Data items
****************************************

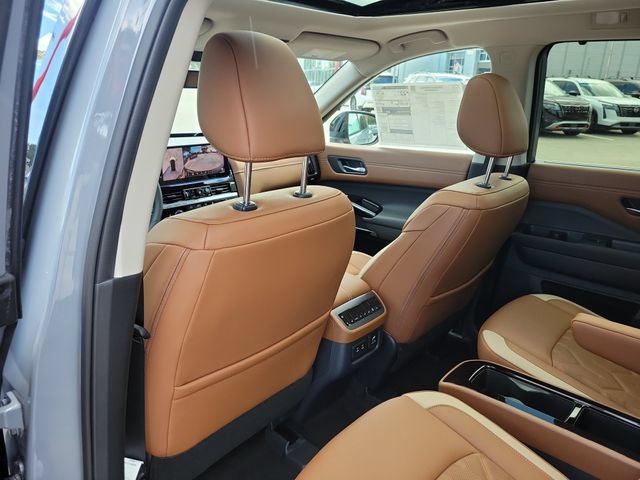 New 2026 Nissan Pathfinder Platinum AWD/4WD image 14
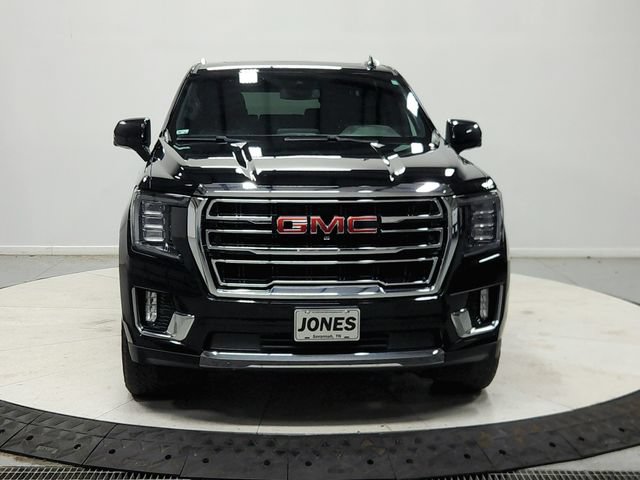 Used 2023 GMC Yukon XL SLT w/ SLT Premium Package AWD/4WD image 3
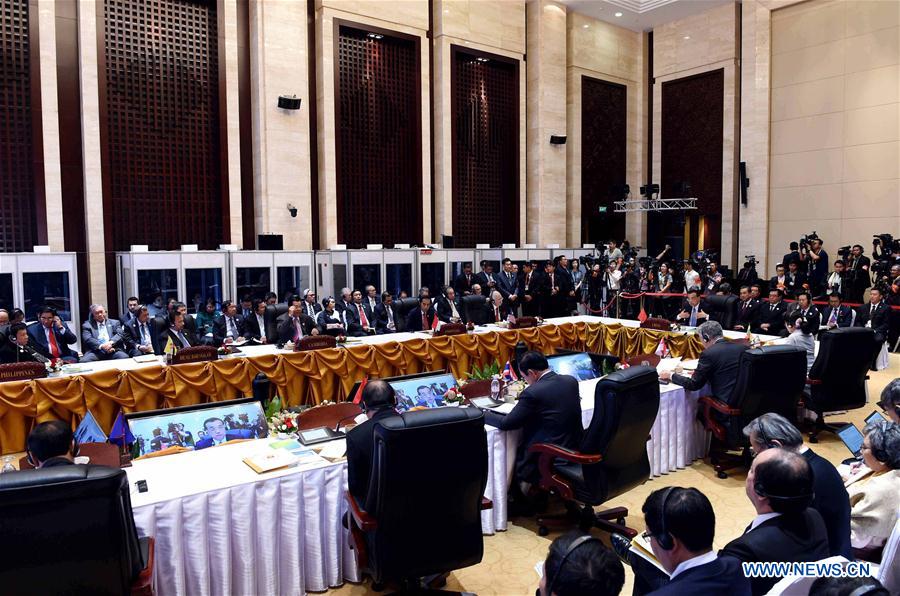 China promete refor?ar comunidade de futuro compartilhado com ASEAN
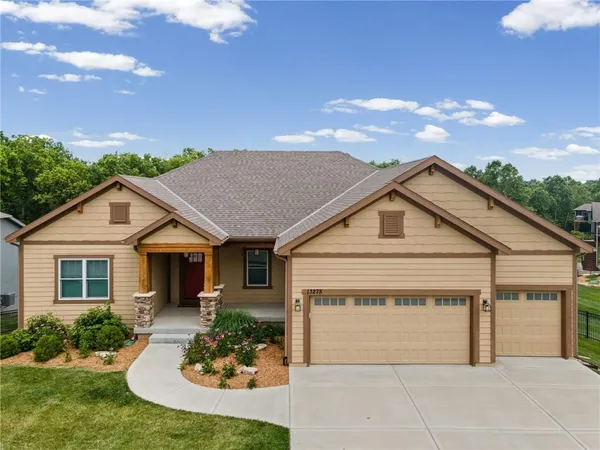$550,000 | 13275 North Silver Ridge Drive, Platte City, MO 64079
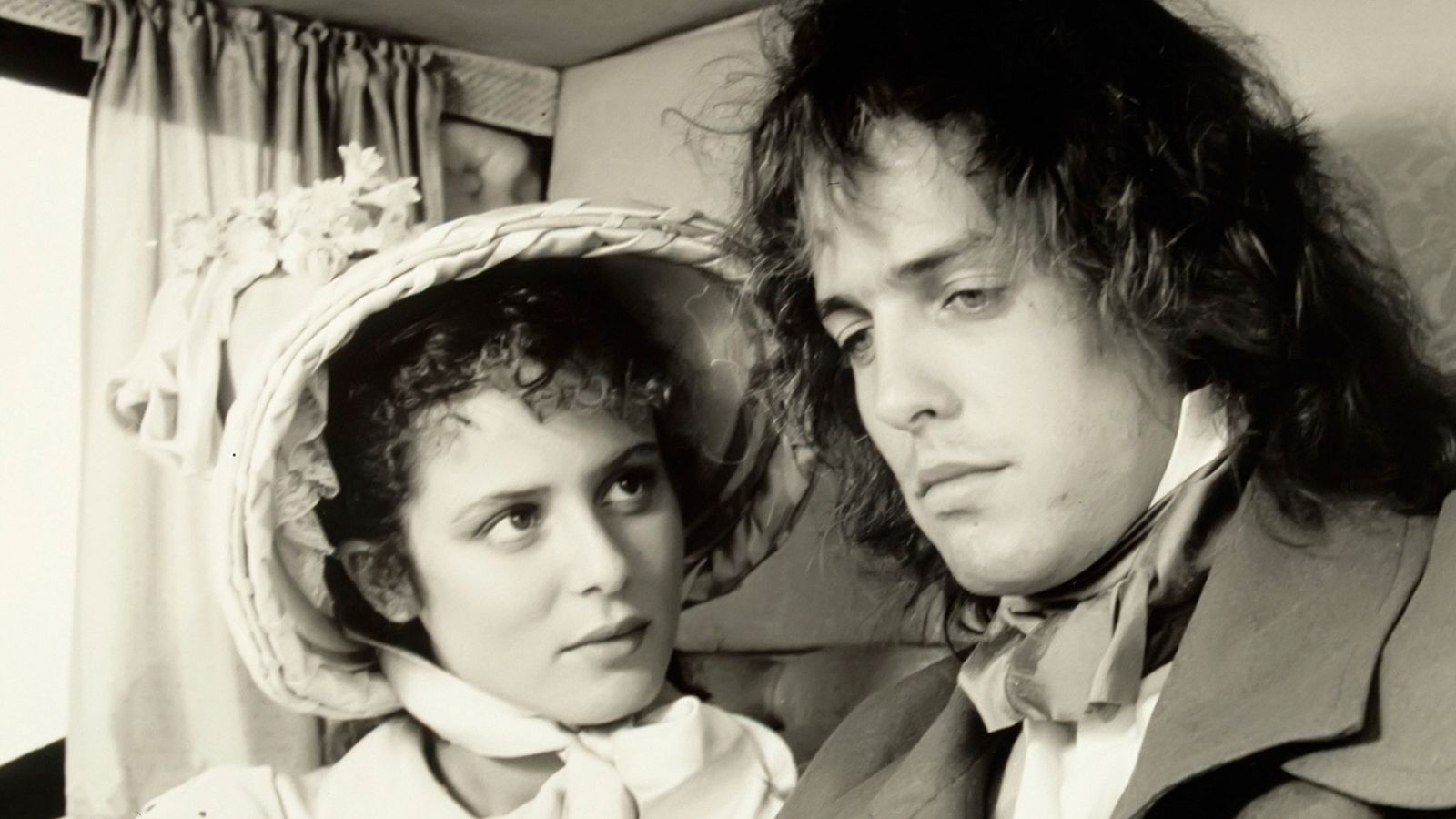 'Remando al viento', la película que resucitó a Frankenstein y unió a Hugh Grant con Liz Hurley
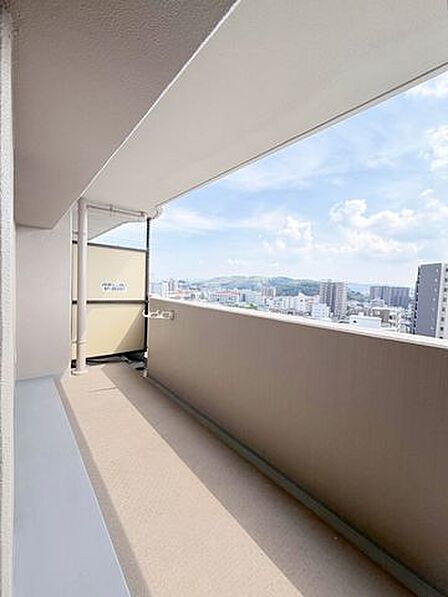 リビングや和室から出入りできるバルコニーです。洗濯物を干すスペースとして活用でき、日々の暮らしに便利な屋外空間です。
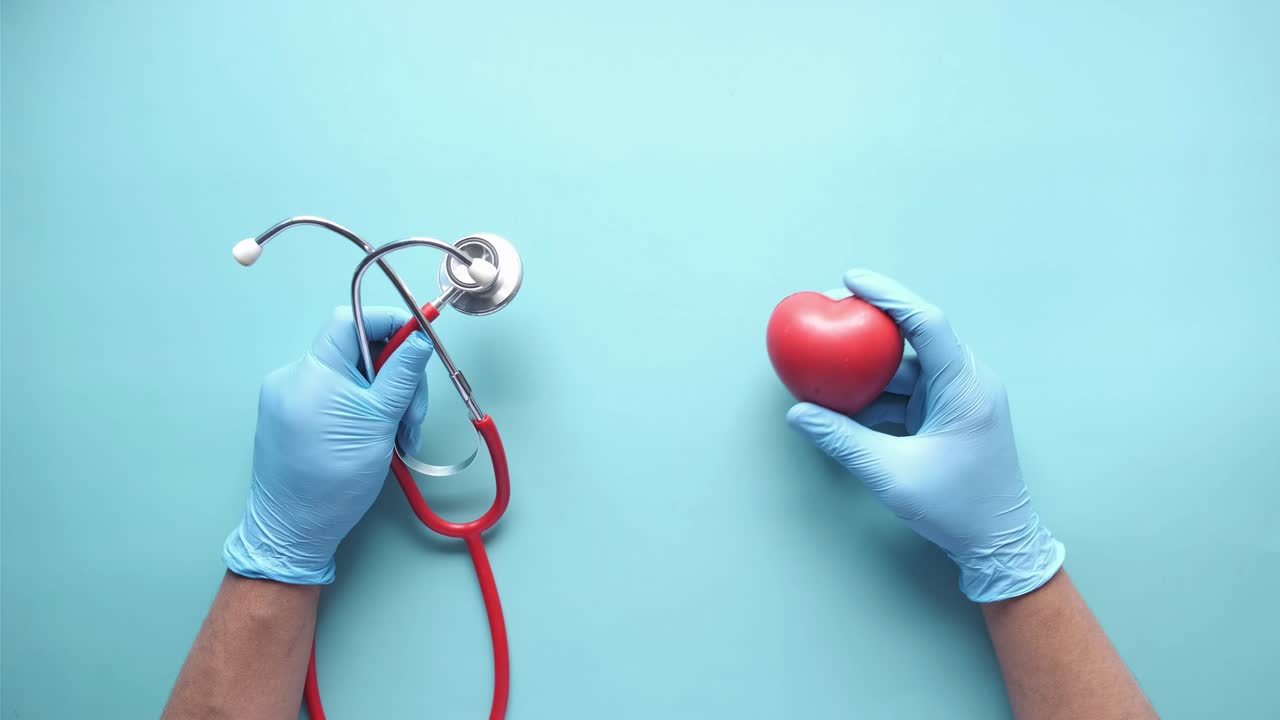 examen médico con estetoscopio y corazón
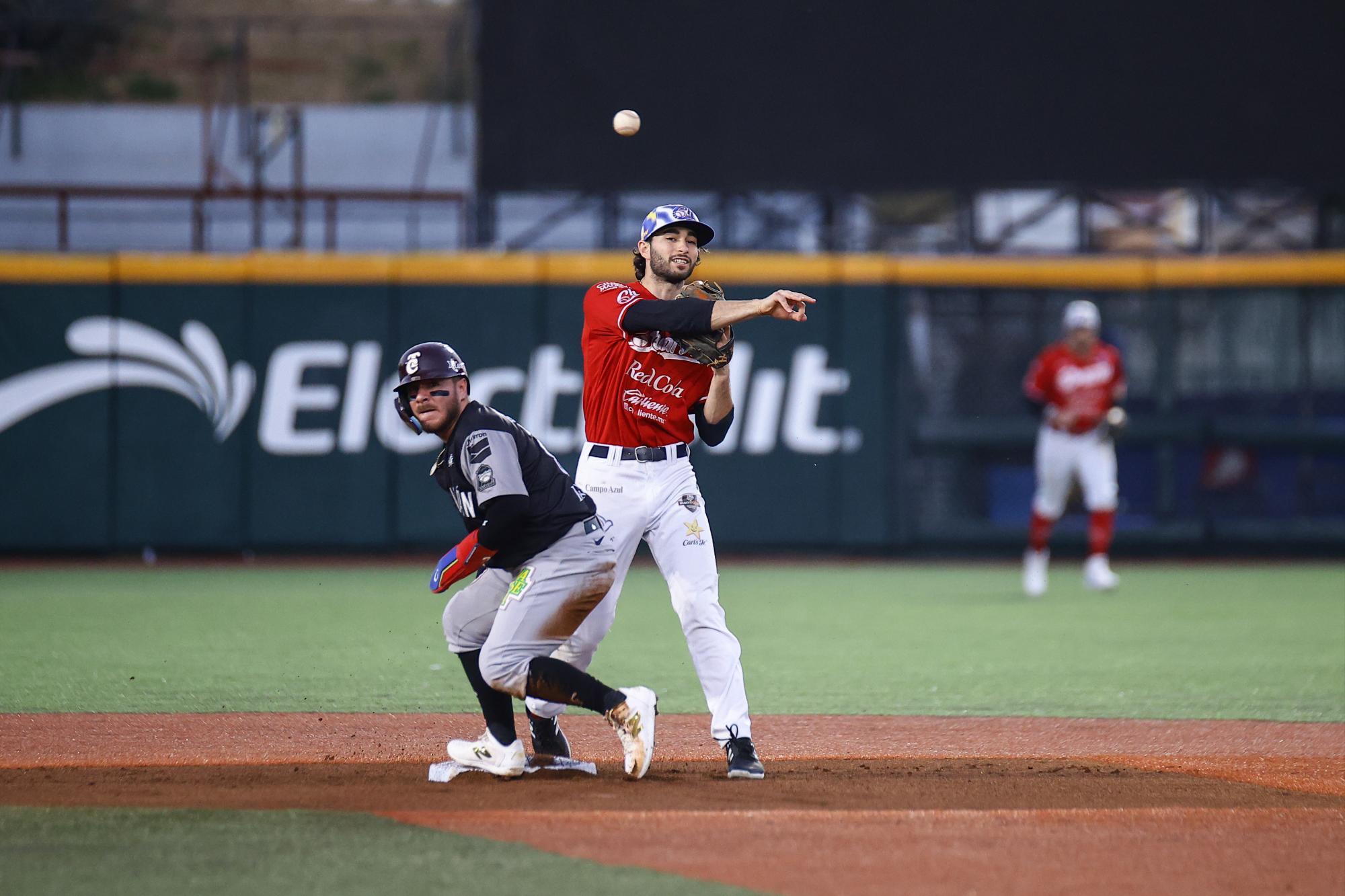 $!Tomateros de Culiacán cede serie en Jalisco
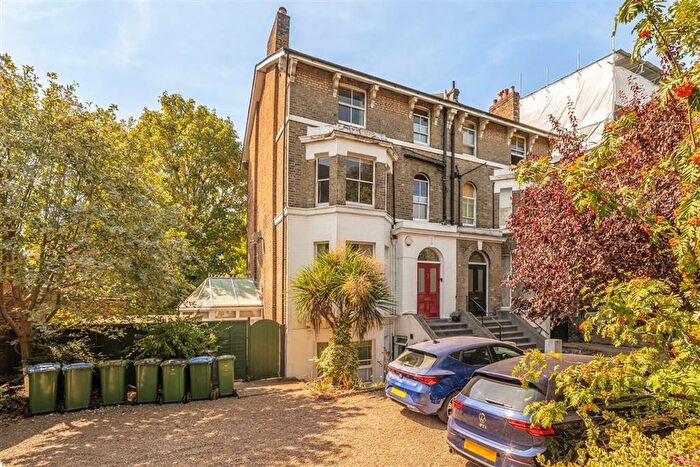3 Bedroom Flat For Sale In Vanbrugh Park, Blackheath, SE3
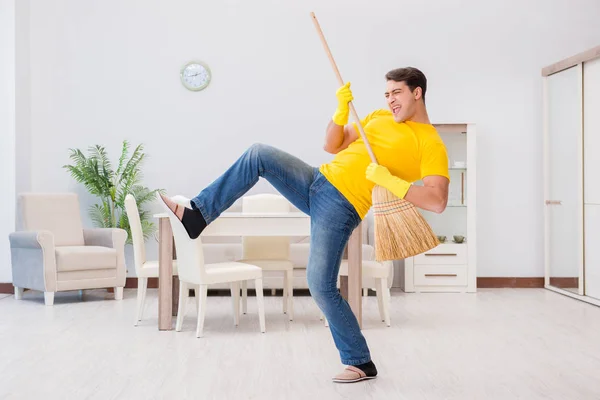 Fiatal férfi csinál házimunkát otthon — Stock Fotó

****************************************

• **What is needed**: Pictures excluded, print only the lines from the one with "serie en Jalisco" through the end of the entries above, exactly as written.

• **Exercise output**:
 $!Tomateros de Culiacán cede serie en Jalisco
3 Bedroom Flat For Sale In Vanbrugh Park, Blackheath, SE3
 Fiatal férfi csinál házimunkát otthon — Stock Fotó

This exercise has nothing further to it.